Bending of light - photon's inertia instead of mass

In Newtonian gravity the acceleration due to gravity is independant of the mass of the object - a falling elephant accelerates downwards at the same speed as an accelerating gnat (ignoring air resistance). That means the orbit of an object does not depend on the object's mass (provided the object is much lighter than the star).

The deflection of an object by a massive body is just a hyperbolic orbit, and like any other orbit the trajectory doesn't depend on the mass of the orbiting object, just its velocity and initial position. This means that if we calculate the angular deflection of an object travelling at $c$ in a hyperbolic orbit the result turns out to be independant of the mass of the object:

$$ \theta \approx \frac{2GM}{r_0 c^2} $$

where $M$ is the mass of the star/planet/whatever and $r_0$ is the distance of closest approach.

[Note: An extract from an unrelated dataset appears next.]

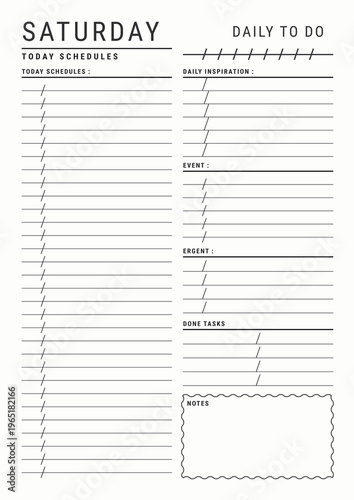 Saturday Daily To Do-Unique Planner Template Pages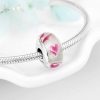 Talisman din argint 925 cu sticla pink heart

The point is that assuming some hypothetical value for the photon mass doesn't affect the Newtonian prediction because the Newtonian prediction doesn't depend on mass. So the answer to your question is that no, using an effective photon mass of $m = h/\lambda c$ does not give the correct result.

The GR calculation gives the deflection of light as:

$$ \theta \approx \frac{4GM}{r_0 c^2} $$

which is twice the Newtonian result. But this isn't some special case that applies only to light because GR gives different results to Newtonian gravity for all objects regardless of mass - the deflection of light is just a limiting case.

1. Since gravity couples to energy rather than rest mass it is natural to speculate that the two masses in Newton's law of gravitation should be replaced with the relativistic masses in a post-Newtonian approximation?

2. The above proposal fails already for the bending/deflection of a massless or massive point particle of rest mass $m$ around a mass $M$. In a coordinate system where $M$ is at rest, a naive relativistic Newton's law would then read $$\frac{d(\gamma m {\bf v})}{dt}~ \stackrel{?}{=}~-G\gamma mM\frac{\bf r}{r^3}.\tag{1}$$ Since the velocity $|{\bf v}|$ is approximately constant, we can effectively remove the $\gamma$ factors on both sides, and we are back where we started, cf. the equivalence principle :(

3. On the other hand, we know from the correct general relativistic formula that we are missing a factor $$\color{red}{1+\frac{v_0^2}{c^2}~=~ 2-\gamma_0^{-2}}\tag{2}$$ on the rhs. of eq. (1). The general relativistic bending/deflection formula is a factor $\color{red}{2-\gamma_0^{-2}}$ times the Newtonian result.

4. The factor $\color{red}{2-\gamma_0^{-2}}$ can be understood via the ray equation $$ \frac{d}{ds}\left(n\sqrt{\frac{E^2}{c^2}-\frac{(mc)^2}{n}}\frac{dr_i}{ds} \right)~=~\frac{\frac{E^2}{c^2}-\frac{(mc)^2}{2n}}{\sqrt{\frac{E^2}{c^2}-\frac{(mc)^2}{n}}}\frac{\partial n}{\partial r^i} , \tag{3} $$ with effective index of refraction $$n({\bf r})~=~1-\frac{2\phi({\bf r})}{c^2} ,\tag{4}$$ and specific gravitational potential $$\phi({\bf r})~=~-GM/|{\bf r}|.\tag{5}$$ Here the COM $$ E~=~\gamma_0 mc^2,\qquad \gamma_0~=~\gamma(v_0), \tag{6}$$ is determined asymptotically at spatial infinity $|{\bf r}|=\infty$.

   The leading approximation of the ray equation (3) yields a specific Newton's 2nd law $$\frac{d^2r_i}{dt^2}~\approx~v_0^2\frac{d^2r_i}{ds^2}~~\stackrel{(3)+(6)}{\approx}~ v_0^2\frac{\gamma_0^2-\frac{1}{2}}{\gamma_0^2-1}\frac{\partial n}{\partial r^i}~\stackrel{(4)}{=}~-(\color{red}{2-\gamma_0^{-2}})\frac{\partial \phi}{\partial r^i} \tag{7}$$ up to the sought-for factor $\color{red}{2-\gamma_0^{-2}}$.